##### Supplied data #####

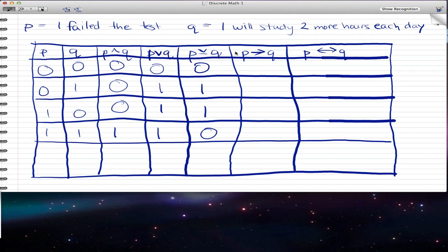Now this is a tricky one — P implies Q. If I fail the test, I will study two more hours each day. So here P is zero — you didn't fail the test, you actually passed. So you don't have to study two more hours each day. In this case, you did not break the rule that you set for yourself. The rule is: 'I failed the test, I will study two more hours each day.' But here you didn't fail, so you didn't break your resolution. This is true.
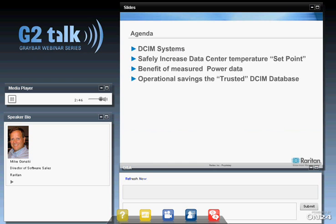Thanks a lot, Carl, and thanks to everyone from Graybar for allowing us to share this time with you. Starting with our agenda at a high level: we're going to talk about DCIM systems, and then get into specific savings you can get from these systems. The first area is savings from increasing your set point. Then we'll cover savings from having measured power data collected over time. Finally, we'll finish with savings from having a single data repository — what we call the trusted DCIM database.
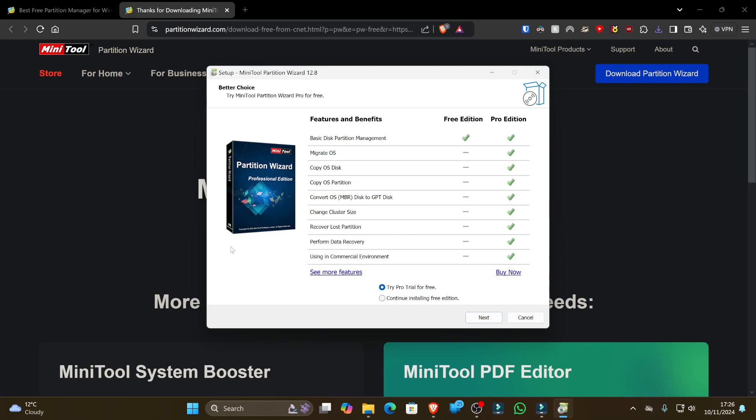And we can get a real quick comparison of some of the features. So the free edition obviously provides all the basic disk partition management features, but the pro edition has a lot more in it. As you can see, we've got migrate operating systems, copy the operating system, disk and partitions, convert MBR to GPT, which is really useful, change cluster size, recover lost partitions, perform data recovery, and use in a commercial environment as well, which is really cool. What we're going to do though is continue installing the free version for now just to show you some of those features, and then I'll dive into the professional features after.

#####

A word-for-word copy of the lines from the start of the listing through the line containing "Thanks a lot, Carl, and" is the answer. Pictures stay out of it.

Now this is a tricky one — P implies Q. If I fail the test, I will study two more hours each day. So here P is zero — you didn't fail the test, you actually passed. So you don't have to study two more hours each day. In this case, you did not break the rule that you set for yourself. The rule is: 'I failed the test, I will study two more hours each day.' But here you didn't fail, so you didn't break your resolution. This is true.
Thanks a lot, Carl, and thanks to everyone from Graybar for allowing us to share this time with you. Starting with our agenda at a high level: we're going to talk about DCIM systems, and then get into specific savings you can get from these systems. The first area is savings from increasing your set point. Then we'll cover savings from having measured power data collected over time. Finally, we'll finish with savings from having a single data repository — what we call the trusted DCIM database.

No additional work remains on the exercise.